*PROMPT:* Nothing left out, nothing added: return the full set of records.

*GIVEN DATA:*
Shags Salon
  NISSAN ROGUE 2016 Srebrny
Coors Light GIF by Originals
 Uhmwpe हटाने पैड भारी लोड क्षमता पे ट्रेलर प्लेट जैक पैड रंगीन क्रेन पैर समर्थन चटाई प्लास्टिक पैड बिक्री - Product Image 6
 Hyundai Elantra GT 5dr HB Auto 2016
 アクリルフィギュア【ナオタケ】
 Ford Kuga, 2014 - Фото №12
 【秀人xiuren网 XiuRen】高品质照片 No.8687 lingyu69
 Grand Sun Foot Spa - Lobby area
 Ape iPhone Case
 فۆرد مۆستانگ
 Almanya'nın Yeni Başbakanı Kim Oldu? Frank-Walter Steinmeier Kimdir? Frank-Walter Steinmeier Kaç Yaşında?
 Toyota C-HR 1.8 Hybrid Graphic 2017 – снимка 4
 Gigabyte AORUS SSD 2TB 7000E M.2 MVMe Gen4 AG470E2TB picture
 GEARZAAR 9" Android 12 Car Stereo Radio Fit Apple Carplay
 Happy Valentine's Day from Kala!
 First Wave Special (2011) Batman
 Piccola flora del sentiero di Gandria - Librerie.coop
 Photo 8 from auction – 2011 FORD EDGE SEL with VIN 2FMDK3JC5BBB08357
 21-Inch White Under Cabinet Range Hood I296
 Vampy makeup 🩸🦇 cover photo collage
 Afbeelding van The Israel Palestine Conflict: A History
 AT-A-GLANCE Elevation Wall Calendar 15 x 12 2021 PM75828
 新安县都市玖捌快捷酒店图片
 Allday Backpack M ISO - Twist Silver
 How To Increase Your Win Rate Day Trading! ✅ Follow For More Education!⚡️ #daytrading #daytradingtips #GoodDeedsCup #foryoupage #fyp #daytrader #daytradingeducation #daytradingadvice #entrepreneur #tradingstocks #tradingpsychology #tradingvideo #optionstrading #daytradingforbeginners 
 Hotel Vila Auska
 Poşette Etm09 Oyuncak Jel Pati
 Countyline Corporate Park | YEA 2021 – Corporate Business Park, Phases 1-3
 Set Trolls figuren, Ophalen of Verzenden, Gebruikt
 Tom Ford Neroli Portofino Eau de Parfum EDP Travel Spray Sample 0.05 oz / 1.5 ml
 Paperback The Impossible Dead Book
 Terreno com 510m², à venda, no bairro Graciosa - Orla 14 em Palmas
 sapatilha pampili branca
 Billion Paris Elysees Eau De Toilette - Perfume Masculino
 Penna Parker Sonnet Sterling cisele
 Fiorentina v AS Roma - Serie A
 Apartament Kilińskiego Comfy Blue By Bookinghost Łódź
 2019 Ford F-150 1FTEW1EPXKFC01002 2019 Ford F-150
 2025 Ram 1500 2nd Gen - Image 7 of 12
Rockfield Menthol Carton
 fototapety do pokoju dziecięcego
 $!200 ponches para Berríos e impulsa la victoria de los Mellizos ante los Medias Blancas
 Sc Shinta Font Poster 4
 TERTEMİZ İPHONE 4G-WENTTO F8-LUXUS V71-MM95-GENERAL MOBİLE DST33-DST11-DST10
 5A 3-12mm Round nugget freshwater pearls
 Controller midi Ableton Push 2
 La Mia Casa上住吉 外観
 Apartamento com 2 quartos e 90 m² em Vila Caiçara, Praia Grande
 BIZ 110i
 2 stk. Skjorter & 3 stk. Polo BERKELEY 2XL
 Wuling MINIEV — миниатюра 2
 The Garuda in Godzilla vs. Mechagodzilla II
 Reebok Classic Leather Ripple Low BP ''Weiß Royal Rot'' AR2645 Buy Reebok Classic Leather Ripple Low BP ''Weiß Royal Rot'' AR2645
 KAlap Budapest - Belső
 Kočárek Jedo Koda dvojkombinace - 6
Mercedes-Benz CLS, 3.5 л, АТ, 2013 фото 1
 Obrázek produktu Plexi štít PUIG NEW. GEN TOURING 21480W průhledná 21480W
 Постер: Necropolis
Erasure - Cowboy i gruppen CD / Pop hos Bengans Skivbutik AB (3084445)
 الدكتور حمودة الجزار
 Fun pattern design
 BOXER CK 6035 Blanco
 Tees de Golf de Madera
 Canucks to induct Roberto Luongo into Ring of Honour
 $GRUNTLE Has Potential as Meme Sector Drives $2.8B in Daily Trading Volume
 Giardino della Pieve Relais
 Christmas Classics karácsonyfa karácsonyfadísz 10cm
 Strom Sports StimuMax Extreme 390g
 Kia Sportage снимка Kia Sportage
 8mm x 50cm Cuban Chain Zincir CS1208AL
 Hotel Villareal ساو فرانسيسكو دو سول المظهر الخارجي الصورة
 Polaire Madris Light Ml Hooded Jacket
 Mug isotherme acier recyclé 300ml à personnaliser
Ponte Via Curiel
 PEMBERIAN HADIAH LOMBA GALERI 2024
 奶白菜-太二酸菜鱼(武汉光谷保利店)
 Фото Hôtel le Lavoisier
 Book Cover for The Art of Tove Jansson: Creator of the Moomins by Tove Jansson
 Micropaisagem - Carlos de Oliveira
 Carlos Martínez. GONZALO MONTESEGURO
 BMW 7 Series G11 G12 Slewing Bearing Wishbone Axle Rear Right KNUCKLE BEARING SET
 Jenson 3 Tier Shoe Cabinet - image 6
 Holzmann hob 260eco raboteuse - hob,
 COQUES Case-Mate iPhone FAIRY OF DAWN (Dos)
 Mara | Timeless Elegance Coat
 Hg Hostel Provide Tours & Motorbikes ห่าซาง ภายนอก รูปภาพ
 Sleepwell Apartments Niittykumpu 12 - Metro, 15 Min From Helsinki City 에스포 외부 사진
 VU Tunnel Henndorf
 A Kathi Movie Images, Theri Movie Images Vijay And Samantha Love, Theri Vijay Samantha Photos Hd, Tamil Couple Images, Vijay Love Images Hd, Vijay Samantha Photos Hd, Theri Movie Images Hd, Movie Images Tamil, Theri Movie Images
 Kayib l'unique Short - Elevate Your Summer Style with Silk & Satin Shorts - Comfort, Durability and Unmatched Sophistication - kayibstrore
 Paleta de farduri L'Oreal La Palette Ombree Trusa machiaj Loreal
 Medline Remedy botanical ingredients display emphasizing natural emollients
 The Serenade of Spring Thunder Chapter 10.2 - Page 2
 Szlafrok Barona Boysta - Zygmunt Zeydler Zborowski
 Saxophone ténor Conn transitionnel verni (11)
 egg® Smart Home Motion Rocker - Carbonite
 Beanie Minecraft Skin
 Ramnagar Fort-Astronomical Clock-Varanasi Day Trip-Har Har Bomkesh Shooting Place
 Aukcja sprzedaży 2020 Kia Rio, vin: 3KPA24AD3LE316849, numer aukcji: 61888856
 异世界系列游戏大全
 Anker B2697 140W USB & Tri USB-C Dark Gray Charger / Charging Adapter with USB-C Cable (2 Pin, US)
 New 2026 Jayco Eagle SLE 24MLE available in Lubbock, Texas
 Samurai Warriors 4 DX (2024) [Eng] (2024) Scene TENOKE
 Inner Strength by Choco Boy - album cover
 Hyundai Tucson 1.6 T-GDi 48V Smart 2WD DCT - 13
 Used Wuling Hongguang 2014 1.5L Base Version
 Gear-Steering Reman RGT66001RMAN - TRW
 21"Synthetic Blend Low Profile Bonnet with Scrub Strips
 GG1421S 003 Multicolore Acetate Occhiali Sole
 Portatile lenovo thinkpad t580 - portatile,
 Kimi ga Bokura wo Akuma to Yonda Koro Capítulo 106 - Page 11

*EXERCISE SOLUTION:*
Shags Salon
  NISSAN ROGUE 2016 Srebrny
Coors Light GIF by Originals
 Uhmwpe हटाने पैड भारी लोड क्षमता पे ट्रेलर प्लेट जैक पैड रंगीन क्रेन पैर समर्थन चटाई प्लास्टिक पैड बिक्री - Product Image 6
 Hyundai Elantra GT 5dr HB Auto 2016
 アクリルフィギュア【ナオタケ】
 Ford Kuga, 2014 - Фото №12
 【秀人xiuren网 XiuRen】高品质照片 No.8687 lingyu69
 Grand Sun Foot Spa - Lobby area
 Ape iPhone Case
 فۆرد مۆستانگ
 Almanya'nın Yeni Başbakanı Kim Oldu? Frank-Walter Steinmeier Kimdir? Frank-Walter Steinmeier Kaç Yaşında?
 Toyota C-HR 1.8 Hybrid Graphic 2017 – снимка 4
 Gigabyte AORUS SSD 2TB 7000E M.2 MVMe Gen4 AG470E2TB picture
 GEARZAAR 9" Android 12 Car Stereo Radio Fit Apple Carplay
 Happy Valentine's Day from Kala!
 First Wave Special (2011) Batman
 Piccola flora del sentiero di Gandria - Librerie.coop
 Photo 8 from auction – 2011 FORD EDGE SEL with VIN 2FMDK3JC5BBB08357
 21-Inch White Under Cabinet Range Hood I296
 Vampy makeup 🩸🦇 cover photo collage
 Afbeelding van The Israel Palestine Conflict: A History
 AT-A-GLANCE Elevation Wall Calendar 15 x 12 2021 PM75828
 新安县都市玖捌快捷酒店图片
 Allday Backpack M ISO - Twist Silver
 How To Increase Your Win Rate Day Trading! ✅ Follow For More Education!⚡️ #daytrading #daytradingtips #GoodDeedsCup #foryoupage #fyp #daytrader #daytradingeducation #daytradingadvice #entrepreneur #tradingstocks #tradingpsychology #tradingvideo #optionstrading #daytradingforbeginners 
 Hotel Vila Auska
 Poşette Etm09 Oyuncak Jel Pati
 Countyline Corporate Park | YEA 2021 – Corporate Business Park, Phases 1-3
 Set Trolls figuren, Ophalen of Verzenden, Gebruikt
 Tom Ford Neroli Portofino Eau de Parfum EDP Travel Spray Sample 0.05 oz / 1.5 ml
 Paperback The Impossible Dead Book
 Terreno com 510m², à venda, no bairro Graciosa - Orla 14 em Palmas
 sapatilha pampili branca
 Billion Paris Elysees Eau De Toilette - Perfume Masculino
 Penna Parker Sonnet Sterling cisele
 Fiorentina v AS Roma - Serie A
 Apartament Kilińskiego Comfy Blue By Bookinghost Łódź
 2019 Ford F-150 1FTEW1EPXKFC01002 2019 Ford F-150
 2025 Ram 1500 2nd Gen - Image 7 of 12
Rockfield Menthol Carton
 fototapety do pokoju dziecięcego
 $!200 ponches para Berríos e impulsa la victoria de los Mellizos ante los Medias Blancas
 Sc Shinta Font Poster 4
 TERTEMİZ İPHONE 4G-WENTTO F8-LUXUS V71-MM95-GENERAL MOBİLE DST33-DST11-DST10
 5A 3-12mm Round nugget freshwater pearls
 Controller midi Ableton Push 2
 La Mia Casa上住吉 外観
 Apartamento com 2 quartos e 90 m² em Vila Caiçara, Praia Grande
 BIZ 110i
 2 stk. Skjorter & 3 stk. Polo BERKELEY 2XL
 Wuling MINIEV — миниатюра 2
 The Garuda in Godzilla vs. Mechagodzilla II
 Reebok Classic Leather Ripple Low BP ''Weiß Royal Rot'' AR2645 Buy Reebok Classic Leather Ripple Low BP ''Weiß Royal Rot'' AR2645
 KAlap Budapest - Belső
 Kočárek Jedo Koda dvojkombinace - 6
Mercedes-Benz CLS, 3.5 л, АТ, 2013 фото 1
 Obrázek produktu Plexi štít PUIG NEW. GEN TOURING 21480W průhledná 21480W
 Постер: Necropolis
Erasure - Cowboy i gruppen CD / Pop hos Bengans Skivbutik AB (3084445)
 الدكتور حمودة الجزار
 Fun pattern design
 BOXER CK 6035 Blanco
 Tees de Golf de Madera
 Canucks to induct Roberto Luongo into Ring of Honour
 $GRUNTLE Has Potential as Meme Sector Drives $2.8B in Daily Trading Volume
 Giardino della Pieve Relais
 Christmas Classics karácsonyfa karácsonyfadísz 10cm
 Strom Sports StimuMax Extreme 390g
 Kia Sportage снимка Kia Sportage
 8mm x 50cm Cuban Chain Zincir CS1208AL
 Hotel Villareal ساو فرانسيسكو دو سول المظهر الخارجي الصورة
 Polaire Madris Light Ml Hooded Jacket
 Mug isotherme acier recyclé 300ml à personnaliser
Ponte Via Curiel
 PEMBERIAN HADIAH LOMBA GALERI 2024
 奶白菜-太二酸菜鱼(武汉光谷保利店)
 Фото Hôtel le Lavoisier
 Book Cover for The Art of Tove Jansson: Creator of the Moomins by Tove Jansson
 Micropaisagem - Carlos de Oliveira
 Carlos Martínez. GONZALO MONTESEGURO
 BMW 7 Series G11 G12 Slewing Bearing Wishbone Axle Rear Right KNUCKLE BEARING SET
 Jenson 3 Tier Shoe Cabinet - image 6
 Holzmann hob 260eco raboteuse - hob,
 COQUES Case-Mate iPhone FAIRY OF DAWN (Dos)
 Mara | Timeless Elegance Coat
 Hg Hostel Provide Tours & Motorbikes ห่าซาง ภายนอก รูปภาพ
 Sleepwell Apartments Niittykumpu 12 - Metro, 15 Min From Helsinki City 에스포 외부 사진
 VU Tunnel Henndorf
 A Kathi Movie Images, Theri Movie Images Vijay And Samantha Love, Theri Vijay Samantha Photos Hd, Tamil Couple Images, Vijay Love Images Hd, Vijay Samantha Photos Hd, Theri Movie Images Hd, Movie Images Tamil, Theri Movie Images
 Kayib l'unique Short - Elevate Your Summer Style with Silk & Satin Shorts - Comfort, Durability and Unmatched Sophistication - kayibstrore
 Paleta de farduri L'Oreal La Palette Ombree Trusa machiaj Loreal
 Medline Remedy botanical ingredients display emphasizing natural emollients
 The Serenade of Spring Thunder Chapter 10.2 - Page 2
 Szlafrok Barona Boysta - Zygmunt Zeydler Zborowski
 Saxophone ténor Conn transitionnel verni (11)
 egg® Smart Home Motion Rocker - Carbonite
 Beanie Minecraft Skin
 Ramnagar Fort-Astronomical Clock-Varanasi Day Trip-Har Har Bomkesh Shooting Place
 Aukcja sprzedaży 2020 Kia Rio, vin: 3KPA24AD3LE316849, numer aukcji: 61888856
 异世界系列游戏大全
 Anker B2697 140W USB & Tri USB-C Dark Gray Charger / Charging Adapter with USB-C Cable (2 Pin, US)
 New 2026 Jayco Eagle SLE 24MLE available in Lubbock, Texas
 Samurai Warriors 4 DX (2024) [Eng] (2024) Scene TENOKE
 Inner Strength by Choco Boy - album cover
 Hyundai Tucson 1.6 T-GDi 48V Smart 2WD DCT - 13
 Used Wuling Hongguang 2014 1.5L Base Version
 Gear-Steering Reman RGT66001RMAN - TRW
 21"Synthetic Blend Low Profile Bonnet with Scrub Strips
 GG1421S 003 Multicolore Acetate Occhiali Sole
 Portatile lenovo thinkpad t580 - portatile,
 Kimi ga Bokura wo Akuma to Yonda Koro Capítulo 106 - Page 11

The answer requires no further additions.